The cloud is discovered to consist of water vapor and high levels of ozone and argon.  It resists all attempts to penetrate it, including bullets.  Humans cannot walk more than 20–30 meters inside before being stopped.  Radio waves also don't reach inside the cloud, so the condition of Tokyo's inhabitants is unknown.

That evening, at the Atsugi base near the Central Research Institute, an emergency meeting is held between the Self Defense Force and US Forces stationed in Japan, involving United Nations and Ministry of Foreign Affairs representatives.  The US forces stationed in Japan urge the Japanese to rebuild the government as soon as possible.  Tamiya, inspired by the seriousness of the situation, travels to the Kansai headquarters of A Shimbun and works to rebuild the Japanese government.
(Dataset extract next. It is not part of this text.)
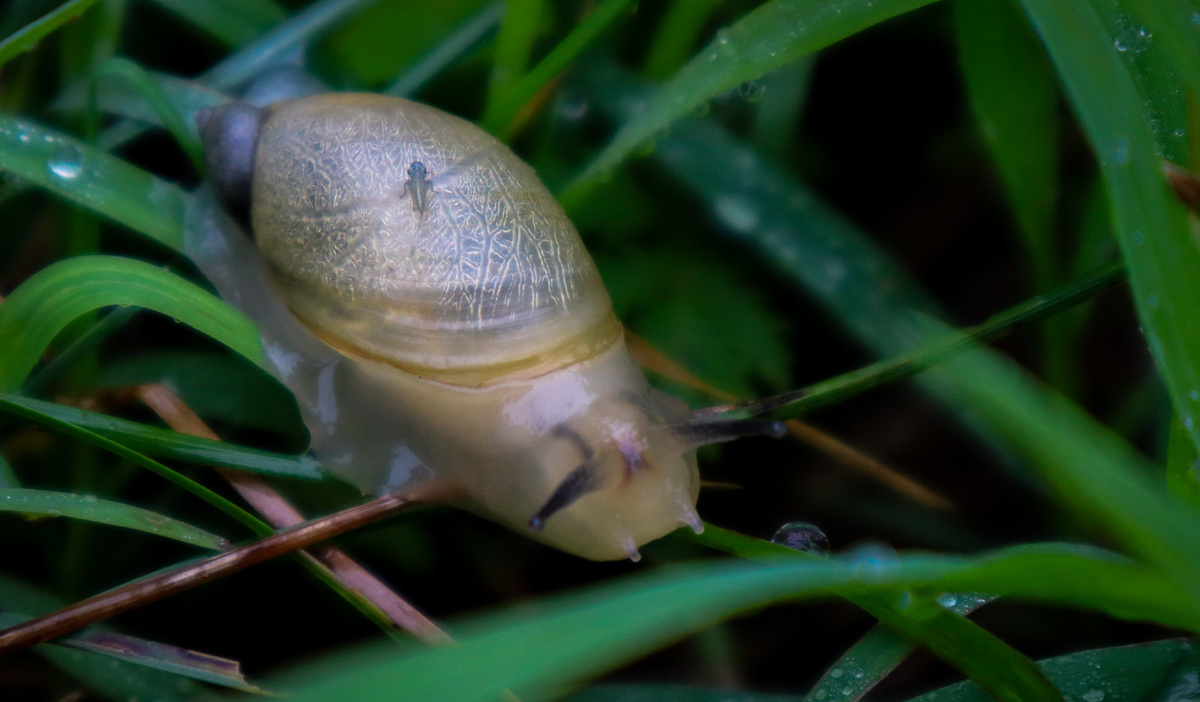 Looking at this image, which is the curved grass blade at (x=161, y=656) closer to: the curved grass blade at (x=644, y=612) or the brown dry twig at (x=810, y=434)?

10 days after the cloud's appearance, an emergency national governor's conference is held in Nagoya, establishing Hyogo Prefecture Governor Komuro as the temporary chief representative.  The organization is formed by a coalition of prefectures and ordinance-designated cities.  It consists of prefectural governors, deputy governors, prefectural assembly chairs, mayors of ordinance-designated cities and representatives of Tokyo, Kanagawa and Saitama prefectures.  The basis for legal legitimacy is emergency evacuation under international law, with the premise that the Japanese government is out of touch, but still in existence.

Simultaneously, the cloud begins emitting powerful particle beams, damaging or destroying any aircraft or satellites passing above it.  An EP-3E reconnaissance aircraft is directly hit by a particle beam, destroying all electronic equipment and killing one crew member from radiation exposure.  The United States researches the cloud's abilities for military purposes, while the Soviet Union detains a Japanese diplomat to increase external pressure on the country.

In January of the following year, the Soviet Union sends a large fleet to Hokkaido.  A huge earthquake occurs off the coast of Nemuro, and the Soviet fleet is destroyed by a tsunami.

At the end of March, about four months after the cloud's appearance, an international survey of the cloud is conducted.  It is determined that the cloud is an automated surveillance device sent by intelligent extraterrestrial life.  Shortly afterward, in early April, the cloud disappears as suddenly as it appeared.

== Release ==
Tokyo Blackout was released theatrically in Japan on 11 January 1987 where it was distributed by Toho. It was released in the United States by Toho International on 29 August 1987.